## [About this task]
The records below are to be restated word for word; their pictures are not.
+---+
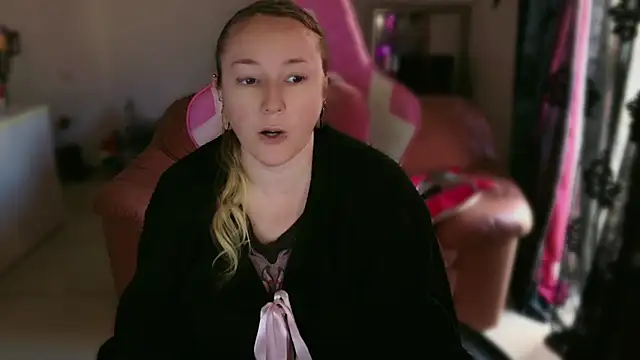 kisicaxx online show from March 5, 2025, 2:56 pm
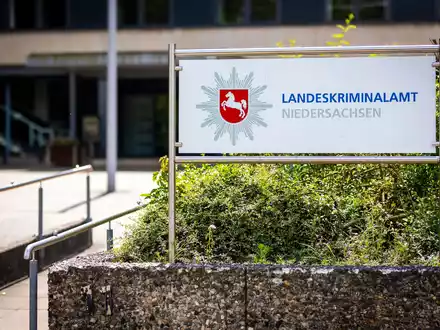 Das LKA Niedersachsen ist seit 2015 mit Zielfahndern auf der Suche nach den Ex-RAF-Terroristen. - Foto: Moritz Frankenberg/dpa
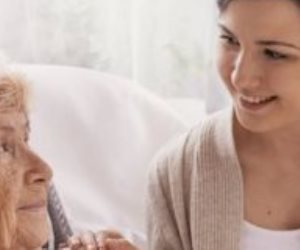 عادات غذائية تفيد صحتك العقلية.. أبرزها الخضراوات والفواكه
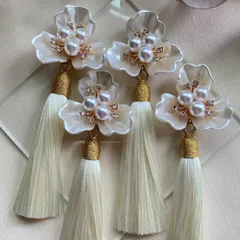 再販‼︎ブライダル×大ぶりフラワー×ホワイトボリューミータッセル×ピアスorイヤリング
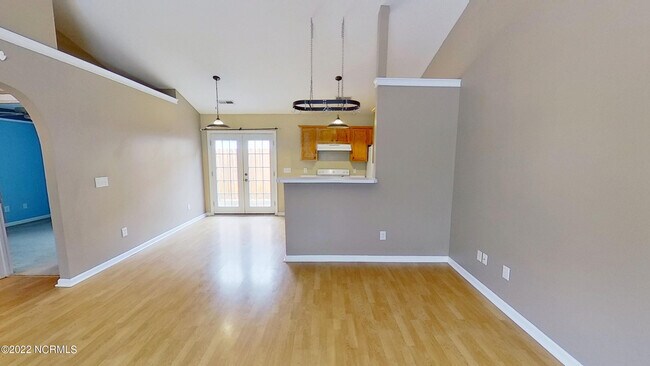 Building Photo - 811 Grathwol Dr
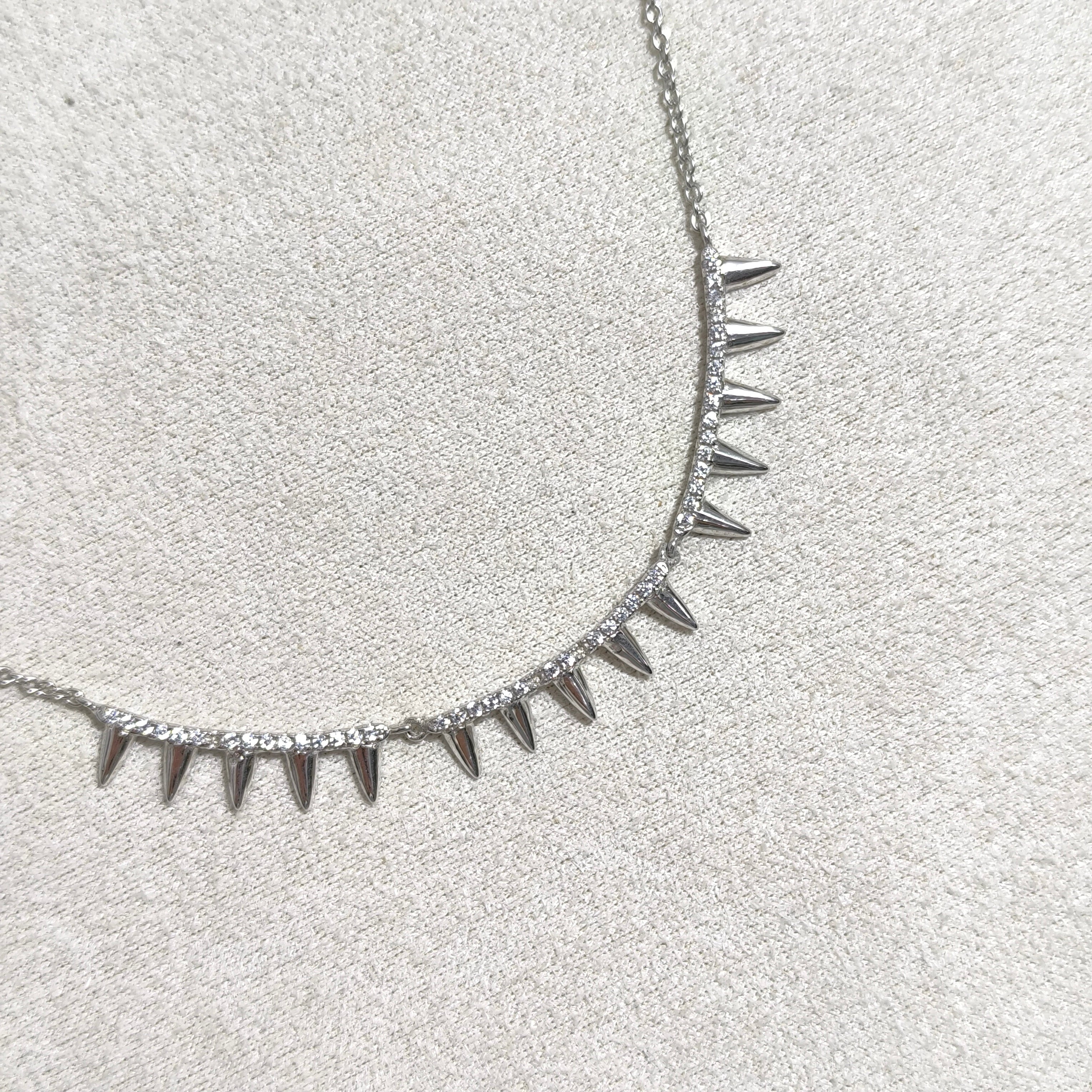 Chaîne Pointes Élégantes – Argent Rhodié au Design Moderne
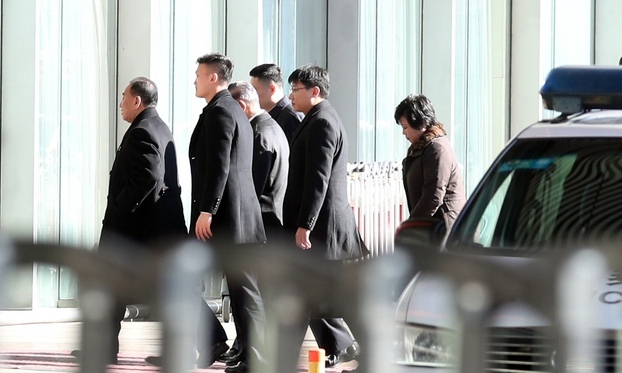 폼페이오 “북 핵·미사일 확장능력 줄이길”…핵동결부터 단계적 접근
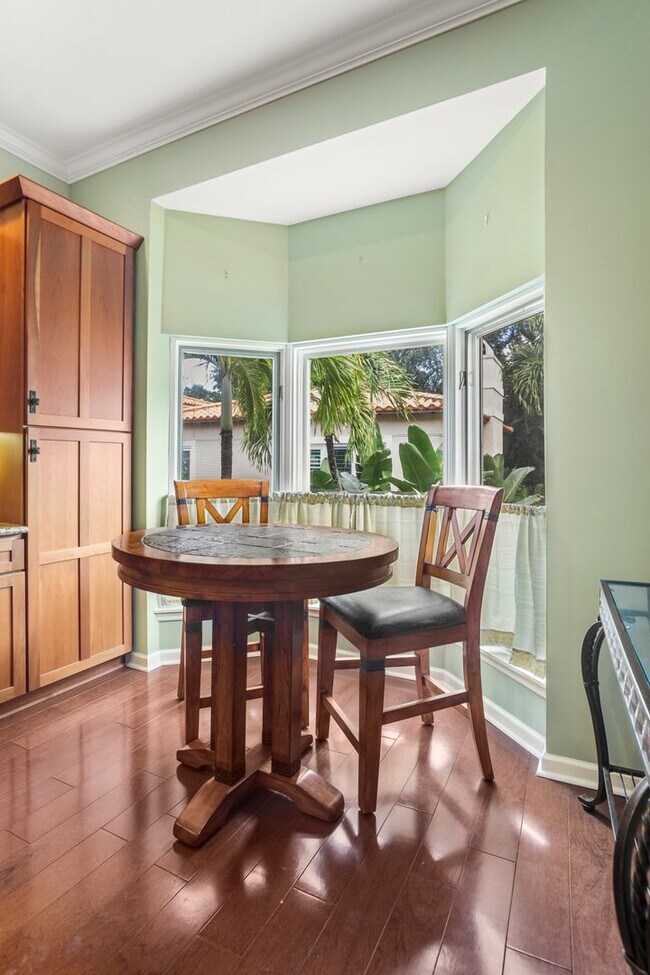 Building Photo - ** OLDE NAPLES ** 3 BED + DEN / 3 BATH - GARAGE - WALK TO BEACH & DOWNTOWN - SHORT TERM RENTAL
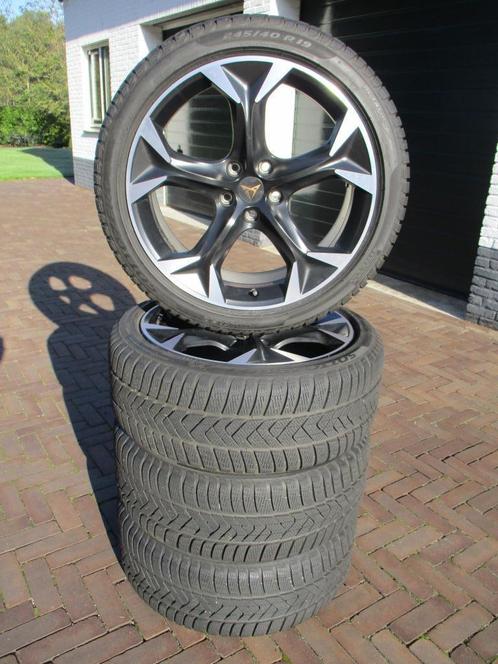 Orig. Cupra Formentor 19 inch winterbanden NIEUWSTAAT, Auto-onderdelen, Banden en Velgen, Banden en Velgen, Winterbanden, 19 inch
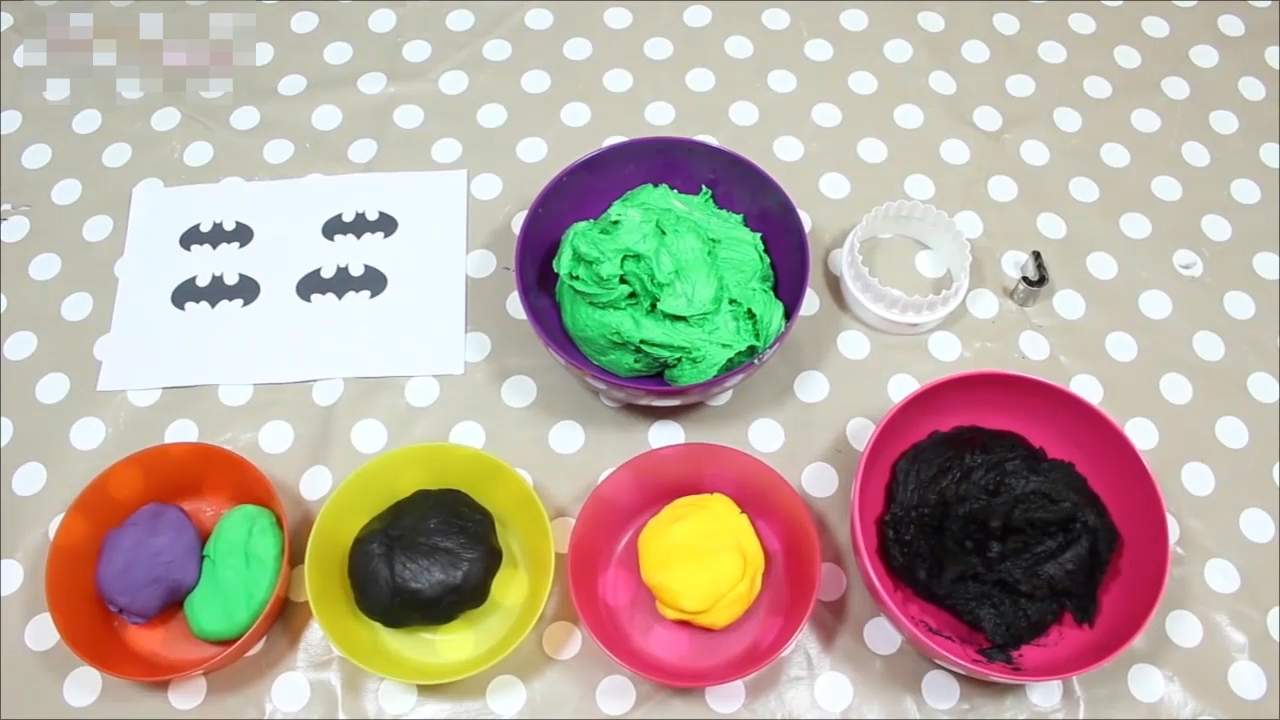 蝙蝠侠蛋糕还能制作的这样有趣,小姐姐真是牛逼了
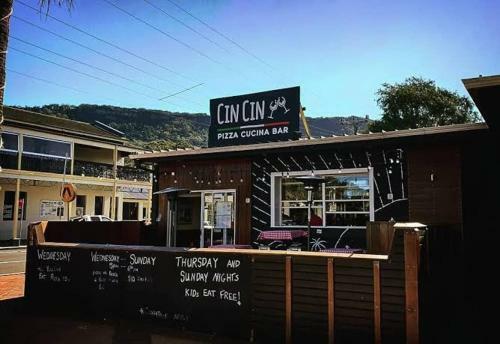 Hostal Sandon Point Coastal Abode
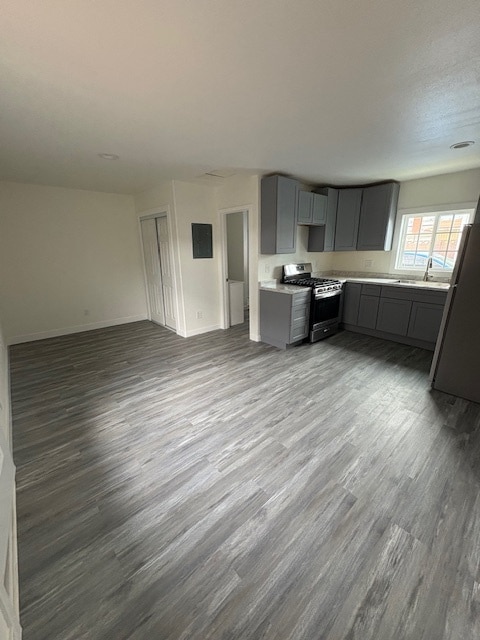 10428 Somerset Blvd in Bellflower, CA - Foto de edificio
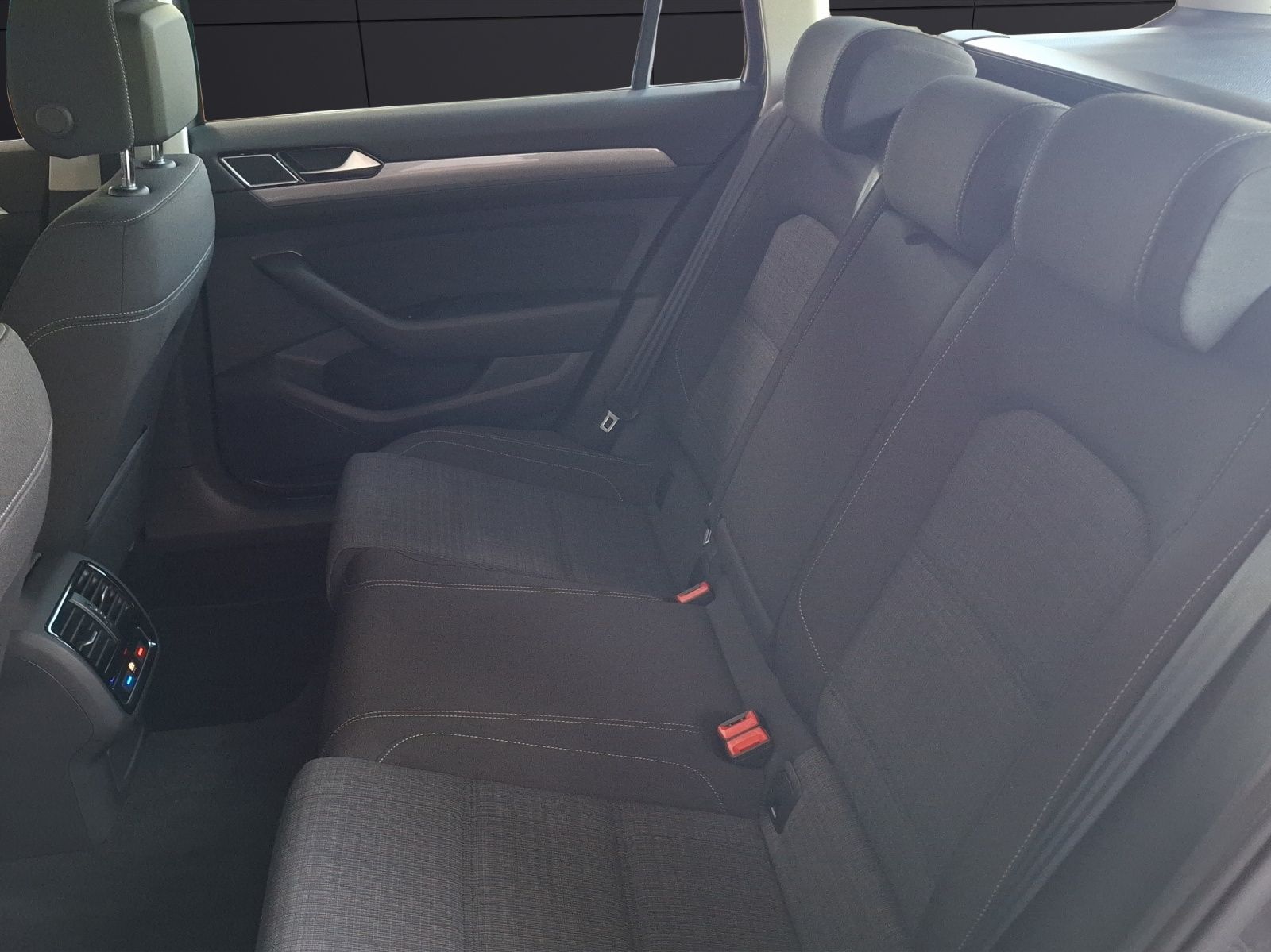 Fahrzeugabbildung Volkswagen Passat Variant TSI Business DSG Matrix Navi ACC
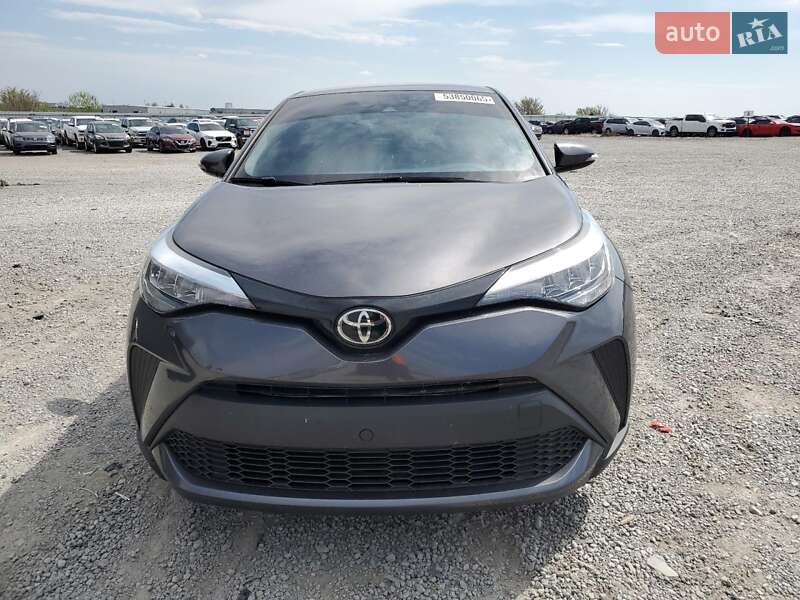 Внедорожник / Кроссовер Toyota C-HR 2021 в Хмельницком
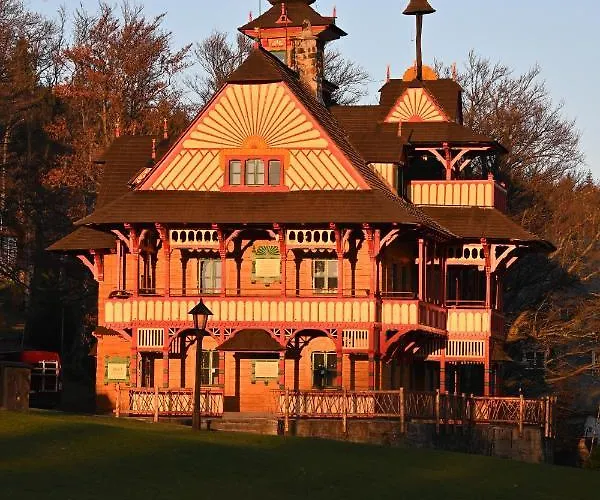 Libusin & Mamenka Narodni Kulturni Pamatky 4*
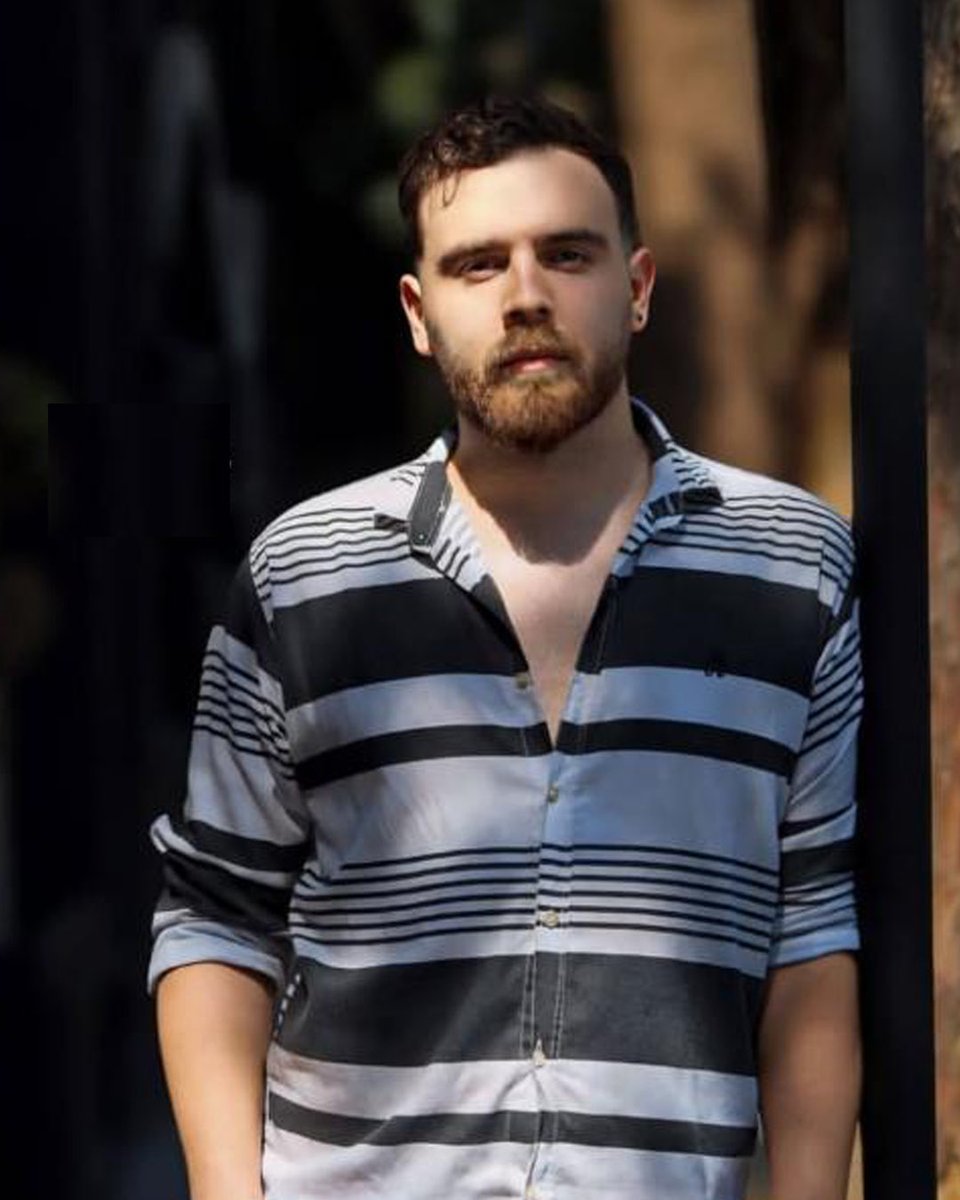 GOOD NEWS: According to Hengaw, Erfan Soltani is still alive!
+---+
## [Answer box]
 kisicaxx online show from March 5, 2025, 2:56 pm
 Das LKA Niedersachsen ist seit 2015 mit Zielfahndern auf der Suche nach den Ex-RAF-Terroristen. - Foto: Moritz Frankenberg/dpa
 عادات غذائية تفيد صحتك العقلية.. أبرزها الخضراوات والفواكه
 再販‼︎ブライダル×大ぶりフラワー×ホワイトボリューミータッセル×ピアスorイヤリング
 Building Photo - 811 Grathwol Dr
 Chaîne Pointes Élégantes – Argent Rhodié au Design Moderne
 폼페이오 “북 핵·미사일 확장능력 줄이길”…핵동결부터 단계적 접근
 Building Photo - ** OLDE NAPLES ** 3 BED + DEN / 3 BATH - GARAGE - WALK TO BEACH & DOWNTOWN - SHORT TERM RENTAL
 Orig. Cupra Formentor 19 inch winterbanden NIEUWSTAAT, Auto-onderdelen, Banden en Velgen, Banden en Velgen, Winterbanden, 19 inch
 蝙蝠侠蛋糕还能制作的这样有趣,小姐姐真是牛逼了
 Hostal Sandon Point Coastal Abode
 10428 Somerset Blvd in Bellflower, CA - Foto de edificio
 Fahrzeugabbildung Volkswagen Passat Variant TSI Business DSG Matrix Navi ACC
 Внедорожник / Кроссовер Toyota C-HR 2021 в Хмельницком
 Libusin & Mamenka Narodni Kulturni Pamatky 4*
 GOOD NEWS: According to Hengaw, Erfan Soltani is still alive!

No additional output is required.